Hi All,
The AI FDE is amazing. I love it. The one issue I’m having is the fact that after I get to 500k context, I have performance issues and it becomes very slow and not really useable. Thus I have to switch over to another FDE, which is a suitable approach.
However I wanted to flag this, as the whole point of having 1M tokens is to be able to use them all, however if performance makes that untenable, what’s the point of having all them tokens. So raising this in case you can fix the performance issues.
Thank you
Sam
Hi!
Although the latest advanced inference models support up to 1 million tokens and it may seem like you can solve problems by providing a large context, this is not actually the case. Please manage your context so that it does not exceed 200,000 tokens. Otherwise, the excessive context will cause the “Middle in the Lost” phenomenon, resulting in a significant drop in performance and a snowball increase in token consumption. In AI FDE, use the “Summarize above” feature to reset the context for the next session before continuing the conversation. This is a recommended practice not only in AI FDE but also in all LLM services outside of Foundry, including Claude Code and Codex.
Thanks for your note!
We’re shipping improvements to address perf issues in longer sessions. We’re attacking it from a few angles, including virtualizing the main chat list and improving memoization in our state management.

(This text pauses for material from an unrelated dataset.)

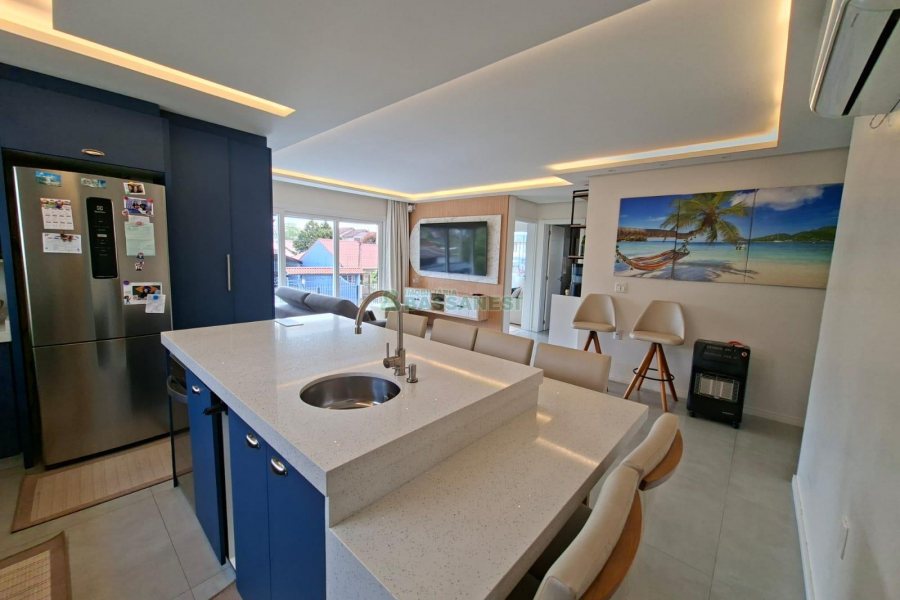 Casa com 266m², 3 dormitórios, 2 vagas, no bairro Esplanada em Caxias do Sul para Alugar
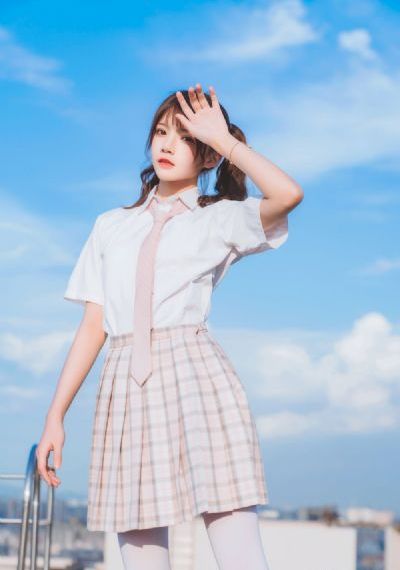 蕾丝女孩_国产剧电影免费在线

I also want to note that larger context windows degrade model performance, so in many cases using double the tokens means your model is working at half capacity, even if the model allows for a larger context window.
Amazing thanks for this, learnt something new today so I appreciate it.
Where is this ‘summarise above’ feature, I couldn’t find it, and that would help solve my issue and then I can just start a new session
Once the token has filled up to a certain extent, if you hover over the area where you were chatting, you’ll see a button that says “Summarize above.”